Google, HP may square off against iPad too


Google is in the midst of crafting its own tablet to take on the iPad, a leak late Sunday may have revealed. CEO Eric Schmidt at a recent Los Angeles party purportedly told those gathered that the company is working on an Android tablet. Most of its details weren't mentioned, but it would be both an e-reader and a general computing device. The NYT heard that Google is talking with "a few publishers" for licensing books and periodicals.

It's not known whether or not Google is developing the tablet directly, but its arrangement with HTC for the Nexus One makes it more likely that the hardware is a collaboration with an existing hardware designer than a completely original invention.

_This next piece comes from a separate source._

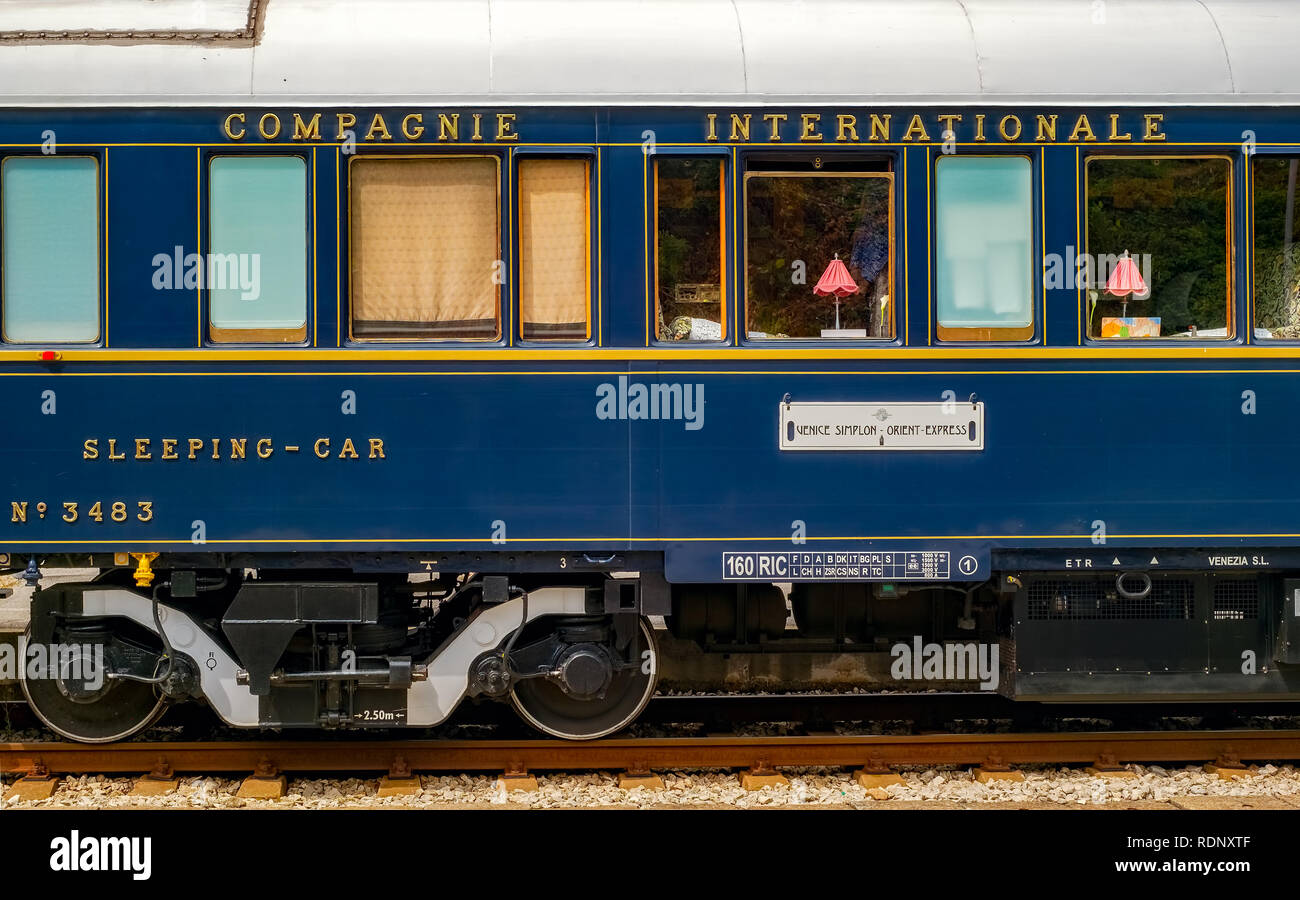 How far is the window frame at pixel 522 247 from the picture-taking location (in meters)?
5.91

Any tablet launch would be controversial for Google, as it would not only stoke the heated battle with Apple even further but risk alienating the company's hardware partners. While the Nexus One hasn't significantly jeopardized Google's relationships due to the large size of the Android ecosystem and the limited sales reach, a tablet would come into a considerably smaller market and could undermine the development of startups like ICD and Notion Ink.

Alongside the Google tablet, the newspaper has also claimed that HP doesn't trust its Windows 7 slate entirely and is making a six-inch Android tablet, nicknamed the "half pint." It's simultaneously alleged that the Microsoft Courier dual-screen tablet might not ship until early 2011.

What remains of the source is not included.